TANIM
Bombus arıları (Tüm Bombus türleri), Apidae familyasından zar kanatlılardır. Güçlü böceklerdir, gövdeleri türlere göre değişen ipeksi tüylerle örtülüdür, tamamen siyah olabildikleri gibi, sarı, beyaz, turuncu veya kırmızı bantlar da taşıyabilirler. Kafaları küçük ve dardır, kısa dillidirler ve dokunma özellikli koku alabilen antenlere sahiptirler. Göğüs kısmı kısadır buradan iki çift zarsı kanat ve üç çift bacak çıkar. Üçüncü çift bacakta konkav bir bölgede yuvaya taşımak için polen biriktirirler. Dişiler (kraliçeler ve işçiler) içeri çekilebilir bir iğneciğe sahiptirler ve bunu savunma silahı olarak kullanırlar. Erkek arılar iğnesizdir, bu yüzden sokamazlar. Bombus arıları Eusocial (Gerçek Yaşamcı) yapıdadır.Bireyleri, kas sistemine göre farklılık gösteren, yavrunun bakımında işbirliği ve jenerasyonların üst üste gelmesi gibi davranış biçimleriyle karakterize edilir. Eusocial böceklerde kaslar morfolojik olarak şöyle birbirinden ayrılabilir:
-
Kraliçe, uzun ömürlüdür, büyük boyda ve dişidir. Sadece yumurtlama işiyle uğraşır.
-
İşçiler, kraliçenin kısır dişi kızlarıdır ve ondan daha küçüktürler, yuvanın inşası ve bakımıyla ilgili işleri yaparlar, yeni kuşağın bakımı ve gıda depolanması işi onlara aittir.
-
Erkekler, sadece çiftleşme uçuşu aracılığıyla kraliçeyi dölleme işlevine sahiptirler, bunun akabinde ölürler.
YAŞAM DÖNGÜSÜ
Bombus arılarını yaşam döngüsü ilkbaharda, havaların ısınmaya başlamasıyla toprak altında kış boyunca tek başına kış uykusuna yatan kraliçenin uyanmasıyla başlar. Uyanmanın ardından kraliçe arı beslenmeye başlar ve yuva kurmak için uygun bir yer arar, normalde yuvasını yerdeki deliklerde, toprak altında yaşayan kemirici hayvanların terkedilmiş yuvalarında veya ağaç kovuklarında yapar. Yuva seçildiğinde, yakınlardaki çiçeklerden polen ve nektar toplamaya başlar ve bunları yuvalarında depolarlar.
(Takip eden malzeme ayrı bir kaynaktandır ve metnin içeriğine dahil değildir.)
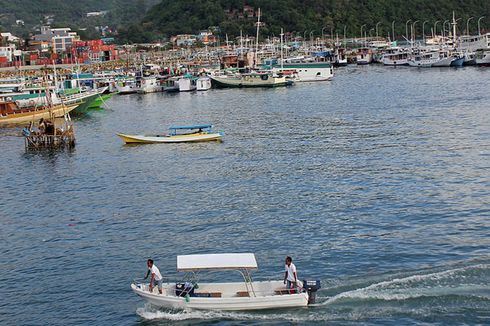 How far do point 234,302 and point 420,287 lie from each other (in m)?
7.48

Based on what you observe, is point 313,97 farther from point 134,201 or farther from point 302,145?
point 134,201

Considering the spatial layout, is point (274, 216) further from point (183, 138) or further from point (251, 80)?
point (251, 80)

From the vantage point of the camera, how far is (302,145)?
6675 centimetres

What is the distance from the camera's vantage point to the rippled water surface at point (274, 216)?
31562 mm

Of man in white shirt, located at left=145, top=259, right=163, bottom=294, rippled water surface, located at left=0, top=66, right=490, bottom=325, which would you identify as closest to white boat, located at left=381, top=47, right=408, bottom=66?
rippled water surface, located at left=0, top=66, right=490, bottom=325

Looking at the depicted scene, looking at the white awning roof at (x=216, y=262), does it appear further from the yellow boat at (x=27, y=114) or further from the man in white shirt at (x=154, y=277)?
the yellow boat at (x=27, y=114)

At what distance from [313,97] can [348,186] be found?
63.0 meters

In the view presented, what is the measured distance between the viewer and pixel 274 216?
43.9 metres

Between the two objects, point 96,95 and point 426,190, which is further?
point 96,95

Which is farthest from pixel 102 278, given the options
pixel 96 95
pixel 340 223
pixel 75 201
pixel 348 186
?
pixel 96 95

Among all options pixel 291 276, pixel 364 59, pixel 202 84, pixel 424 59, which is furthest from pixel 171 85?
pixel 291 276

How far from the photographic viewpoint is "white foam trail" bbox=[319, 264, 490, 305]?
30.7 meters

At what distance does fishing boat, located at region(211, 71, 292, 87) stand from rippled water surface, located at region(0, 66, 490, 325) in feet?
173

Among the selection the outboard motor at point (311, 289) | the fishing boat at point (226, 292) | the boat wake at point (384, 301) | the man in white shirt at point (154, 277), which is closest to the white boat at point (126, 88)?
the man in white shirt at point (154, 277) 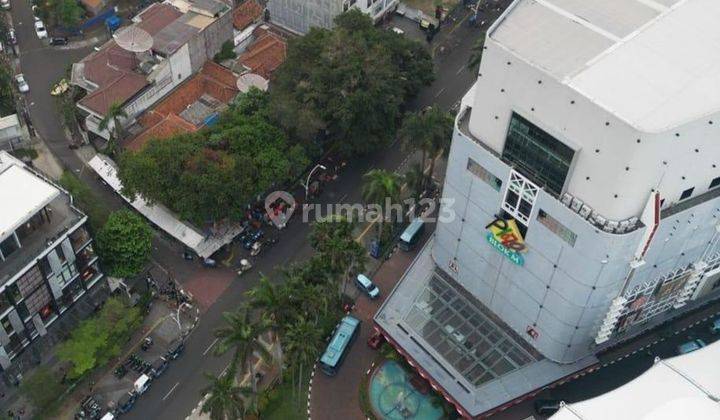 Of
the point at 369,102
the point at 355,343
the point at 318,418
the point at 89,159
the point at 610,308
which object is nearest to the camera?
the point at 610,308

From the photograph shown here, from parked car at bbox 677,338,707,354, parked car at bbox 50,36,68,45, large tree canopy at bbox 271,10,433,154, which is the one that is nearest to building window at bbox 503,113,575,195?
parked car at bbox 677,338,707,354

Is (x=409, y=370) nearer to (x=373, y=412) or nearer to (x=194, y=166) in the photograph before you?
(x=373, y=412)

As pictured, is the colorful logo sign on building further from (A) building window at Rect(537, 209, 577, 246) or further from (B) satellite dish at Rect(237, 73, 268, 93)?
(B) satellite dish at Rect(237, 73, 268, 93)

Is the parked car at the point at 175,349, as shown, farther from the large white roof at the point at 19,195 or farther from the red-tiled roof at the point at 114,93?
the red-tiled roof at the point at 114,93

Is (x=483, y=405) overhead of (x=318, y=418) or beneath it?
overhead

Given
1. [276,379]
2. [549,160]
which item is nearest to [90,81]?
[276,379] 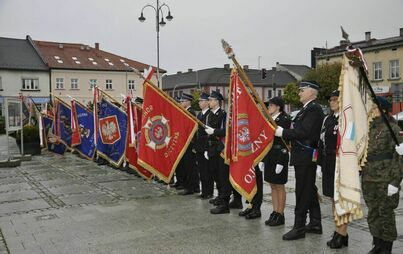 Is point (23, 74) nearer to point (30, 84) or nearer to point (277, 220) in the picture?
point (30, 84)

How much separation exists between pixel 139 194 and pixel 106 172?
3.44 m

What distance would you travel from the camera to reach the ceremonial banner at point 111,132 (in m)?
11.3

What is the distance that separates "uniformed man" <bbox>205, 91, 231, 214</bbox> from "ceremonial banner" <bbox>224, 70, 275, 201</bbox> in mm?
848

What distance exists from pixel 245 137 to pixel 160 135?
8.96 feet

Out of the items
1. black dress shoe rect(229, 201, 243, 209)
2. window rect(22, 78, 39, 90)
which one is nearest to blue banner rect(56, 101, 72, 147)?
black dress shoe rect(229, 201, 243, 209)

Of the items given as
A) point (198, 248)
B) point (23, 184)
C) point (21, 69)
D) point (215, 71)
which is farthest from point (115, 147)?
point (215, 71)

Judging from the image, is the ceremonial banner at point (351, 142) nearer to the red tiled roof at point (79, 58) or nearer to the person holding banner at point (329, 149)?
the person holding banner at point (329, 149)

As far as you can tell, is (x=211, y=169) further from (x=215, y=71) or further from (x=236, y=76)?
(x=215, y=71)

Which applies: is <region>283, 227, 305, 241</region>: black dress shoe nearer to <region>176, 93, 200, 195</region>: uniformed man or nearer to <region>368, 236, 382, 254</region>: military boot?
<region>368, 236, 382, 254</region>: military boot

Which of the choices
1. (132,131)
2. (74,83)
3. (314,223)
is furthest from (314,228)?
(74,83)

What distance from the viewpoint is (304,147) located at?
557 cm

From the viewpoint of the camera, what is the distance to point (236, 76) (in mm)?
6281

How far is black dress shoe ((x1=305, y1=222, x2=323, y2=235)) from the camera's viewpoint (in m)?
5.69

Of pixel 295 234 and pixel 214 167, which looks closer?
pixel 295 234
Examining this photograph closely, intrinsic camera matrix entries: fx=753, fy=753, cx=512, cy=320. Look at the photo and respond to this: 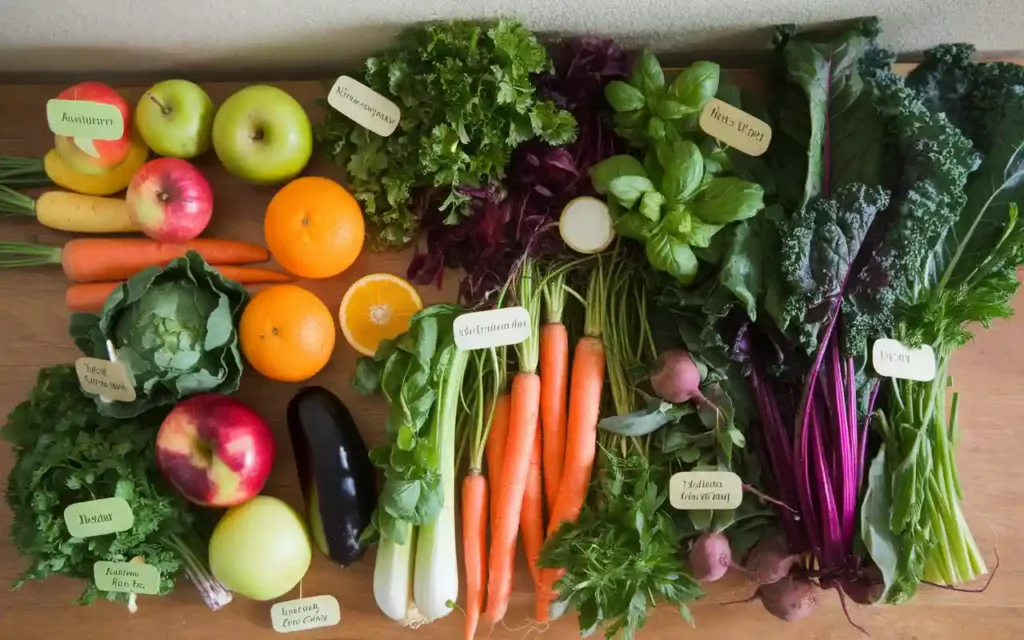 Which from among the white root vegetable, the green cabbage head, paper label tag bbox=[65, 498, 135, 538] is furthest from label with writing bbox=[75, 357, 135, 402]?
the white root vegetable

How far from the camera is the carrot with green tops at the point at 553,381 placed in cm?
106

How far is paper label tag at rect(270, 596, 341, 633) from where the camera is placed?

Yeterli stoğu yaptığında, polen ve balmumundan yutak salgılarıyla bir höyük yapar ve buraya ilk yumurtalarını bırakma işini gerçekleştirirler. Bir kaç gün sonra, beyazımsı küçük larvalar yumurtadan çıkarlar ve kraliçenin topladığı polenle ve nektarla beslenirler.
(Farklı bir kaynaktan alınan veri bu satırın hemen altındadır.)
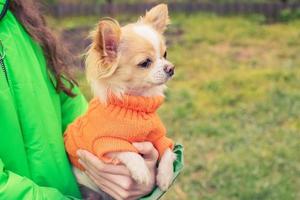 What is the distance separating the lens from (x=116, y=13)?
891cm

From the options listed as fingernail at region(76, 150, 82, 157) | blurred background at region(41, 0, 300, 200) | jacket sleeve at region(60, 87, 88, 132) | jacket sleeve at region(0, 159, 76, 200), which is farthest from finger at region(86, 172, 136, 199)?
blurred background at region(41, 0, 300, 200)

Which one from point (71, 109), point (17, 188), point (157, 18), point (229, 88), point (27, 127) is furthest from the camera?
point (229, 88)

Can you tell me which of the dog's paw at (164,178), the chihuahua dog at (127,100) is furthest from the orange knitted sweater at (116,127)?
the dog's paw at (164,178)

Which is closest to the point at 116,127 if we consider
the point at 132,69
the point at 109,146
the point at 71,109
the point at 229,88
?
the point at 109,146

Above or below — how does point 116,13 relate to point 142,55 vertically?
below

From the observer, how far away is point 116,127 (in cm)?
183

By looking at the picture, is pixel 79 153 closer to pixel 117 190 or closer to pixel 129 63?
pixel 117 190

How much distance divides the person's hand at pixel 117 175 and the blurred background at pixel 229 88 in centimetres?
38

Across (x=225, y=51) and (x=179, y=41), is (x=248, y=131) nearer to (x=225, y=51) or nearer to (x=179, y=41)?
(x=225, y=51)

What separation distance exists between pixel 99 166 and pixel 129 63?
0.32 meters

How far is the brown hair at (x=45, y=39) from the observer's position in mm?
1865

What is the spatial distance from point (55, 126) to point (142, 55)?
13.2 inches

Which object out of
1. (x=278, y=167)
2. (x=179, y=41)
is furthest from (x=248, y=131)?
(x=179, y=41)

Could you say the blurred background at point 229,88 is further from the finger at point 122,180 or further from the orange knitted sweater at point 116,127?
the finger at point 122,180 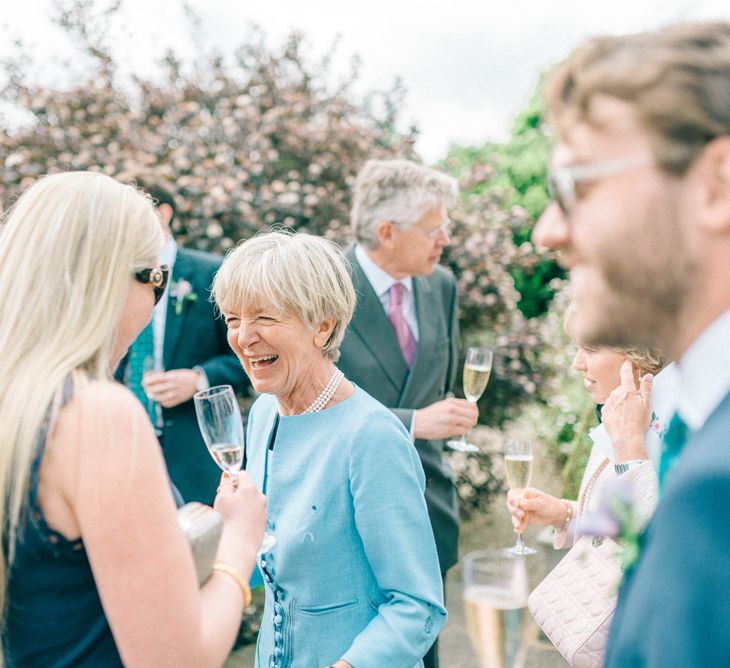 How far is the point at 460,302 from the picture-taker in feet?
21.3

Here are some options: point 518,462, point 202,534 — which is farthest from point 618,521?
point 518,462

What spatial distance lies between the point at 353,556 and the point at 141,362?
2.41 meters

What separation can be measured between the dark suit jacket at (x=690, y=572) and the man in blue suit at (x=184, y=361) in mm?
3417

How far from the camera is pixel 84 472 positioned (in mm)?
1321

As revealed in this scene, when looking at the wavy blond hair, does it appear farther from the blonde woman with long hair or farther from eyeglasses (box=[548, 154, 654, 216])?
eyeglasses (box=[548, 154, 654, 216])

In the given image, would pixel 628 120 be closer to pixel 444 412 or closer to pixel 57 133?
pixel 444 412

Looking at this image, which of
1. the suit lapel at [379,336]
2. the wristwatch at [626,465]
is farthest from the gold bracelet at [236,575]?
the suit lapel at [379,336]

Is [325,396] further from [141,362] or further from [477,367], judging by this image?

Bir kaç hafta sonra bu larvalar, içinde erişkin hale gelecekleri kozalar yaparlar. Bu ilk erişkinler ortaya çıktığında, tüm dişiler (işçiler) yuvanın içinde ve dışındaki işleri gerçekleştirmeye başlarlar: polen ve nektar toplamak, yuvanın korunması ve temizliği gibi.
Bu aşamalardan sonra, kraliçe arı yuvanın içinde kalacaktır ve sadece yumurtlama işiyle uğraşacaktır. Devam eden haftalarda düzinelerce işçi üreyecek ve ardından da nüfus artışı en üst düzeye ulaşıp bir kaç yüze çıkacaktır. Soğuk mevsimin gelmesinden önce, kraliçe, döllenmiş ve döllenmemiş yumurta bırakır. Döllenmiş yumurtalar dişilere (işçi arılara) döllenmemiş yumurtalar ise erkek arı oluşmasına neden olur.
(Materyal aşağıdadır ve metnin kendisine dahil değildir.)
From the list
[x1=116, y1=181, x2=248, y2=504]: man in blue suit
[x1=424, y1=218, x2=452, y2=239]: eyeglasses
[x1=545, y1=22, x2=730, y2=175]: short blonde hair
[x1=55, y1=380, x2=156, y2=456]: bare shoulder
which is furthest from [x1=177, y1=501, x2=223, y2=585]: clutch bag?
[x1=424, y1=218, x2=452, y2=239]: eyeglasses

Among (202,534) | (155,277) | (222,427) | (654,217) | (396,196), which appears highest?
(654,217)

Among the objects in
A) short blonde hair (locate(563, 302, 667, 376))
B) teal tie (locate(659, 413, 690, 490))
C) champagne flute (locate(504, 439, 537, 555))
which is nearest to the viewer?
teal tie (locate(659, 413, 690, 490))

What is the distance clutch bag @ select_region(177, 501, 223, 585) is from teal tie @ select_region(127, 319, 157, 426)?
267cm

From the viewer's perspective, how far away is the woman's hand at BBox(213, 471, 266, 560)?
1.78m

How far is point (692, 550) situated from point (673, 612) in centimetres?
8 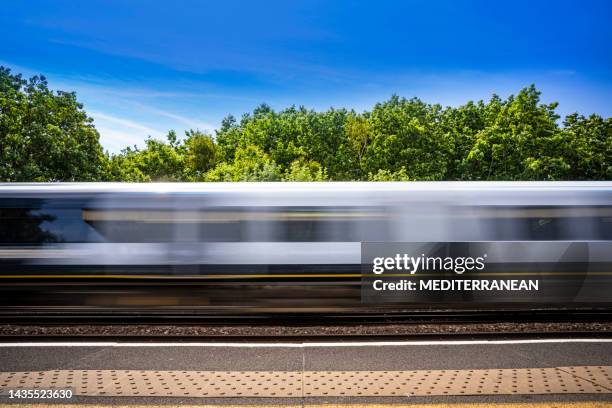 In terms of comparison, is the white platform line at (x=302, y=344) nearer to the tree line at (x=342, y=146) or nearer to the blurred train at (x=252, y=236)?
the blurred train at (x=252, y=236)

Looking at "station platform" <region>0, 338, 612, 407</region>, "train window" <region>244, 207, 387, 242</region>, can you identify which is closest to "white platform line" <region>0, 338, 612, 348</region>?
"station platform" <region>0, 338, 612, 407</region>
Normalde erkekler yuvayı ilk terkedenlerdir ve zamanlarını nektarla beslenerek ve çoğalmak için diğer erkeklerle rekabet ederek geçirirler. Dişiler de belli bir süre sonra yuvadan ayrılarak düğün uçuşu adı verilen erkeklerle çiftleşme moduna geçeceklerdir. Daha sonrasında, döllenmiş dişiler büyük miktarlarda polen ve nektarla beslenerek kış uykusu döneminde hayatta kalabilmek için yeterli besin rezervi yapar ve kışı geçirmek için toprak altında bir yer ararlar. Bu genç ve doğurgan kraliçeler soğuk mevsimde hayatta kalabilen tek arılardır ve bir sonraki ilkbaharda yeni koloniyi kurmak için uyanacaklardır. Bunun aksine, yaşlı kraliçe, erkek arılar ve kolonideki tüm dişi işçiler kış gelince ölürler.